NTTやFrance Telecom社は,「World Wide Spectrum Efficiency(WWiSE) Consortium」に参加した。WWiSEが米国時間の2005年3月16日に発表した。WWiSEは,次世代無線LANの規格IEEE802.11nの仕様草案を提案しているグループの1つである。他には「TGn Sync」というグループがあり,仕様草案を競っている。最近までTGn Syncが優勢だったが,今回のNTTなどのWWiSEへの参加で情勢が変わる可能性も出てきた。

 IEEE802.11nは「実効データ速度100Mビット/秒以上」を目指す無線LANの規格。2006年末前後に仕様の標準化を終えるスケジュールである。これまで,WWiSEのメンバーにはバッファローや米Airgo Networks,Inc.など無線LAN機器ベンダーや米Texas Instruments,Inc.などのチップ・メーカーが多かった。一方,TGn Syncには,松下電器産業やソニー,韓国Samsung Electronics Co.,Ltd.など家電メーカー大手が多い。

2大グループに収斂も情勢は混沌

 2004年末時点ではWWiSEとTGn Syncのほかに,米QUALCOMM Inc.,そして三菱電機と米Motorola社のアライアンス「MITMOT」の4グループがそれぞれ草案を提案していた。ところが,2005年1月に米QUALCOMM社がTGn Syncに加盟した(Tech-On!の関連記事)。同月に行われたIEEE802.11nのタスク・グループによる選抜投票では,MITMOTが25%以上の投票率を獲得できずに除外された。この結果,2大グループの草案だけが残った。MITMOTが消滅した三菱電機は,2005年1月にTGn Syncに合流。一方,Motorola社は2005年2月にWWiSEに参加した。

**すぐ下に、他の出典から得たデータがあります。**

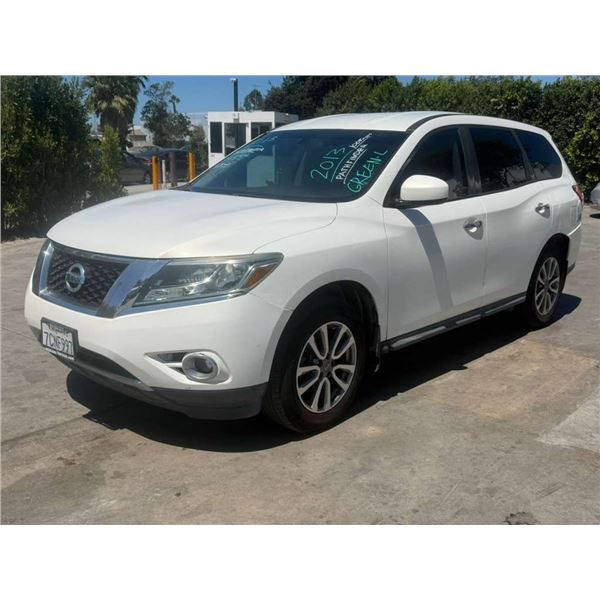 NISS PATHFINDER 2013 T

 2005年2月までの選抜投票では,TGn Syncに多くの票が集まっており,3月にも規格への採用が決まるという見方があった。しかし,2005年3月になってTGn SyncのメンバーだったフィンランドNokia Corp.が,WWiSEに参加先を急きょ乗り換えた。今回のNTTなどのWWiSEへの参加で,勢力争いの行方は再び不透明となった。草案の採用には,投票数の75%を獲得する必要があるため,決定が先にずれこむ可能性が出てきた。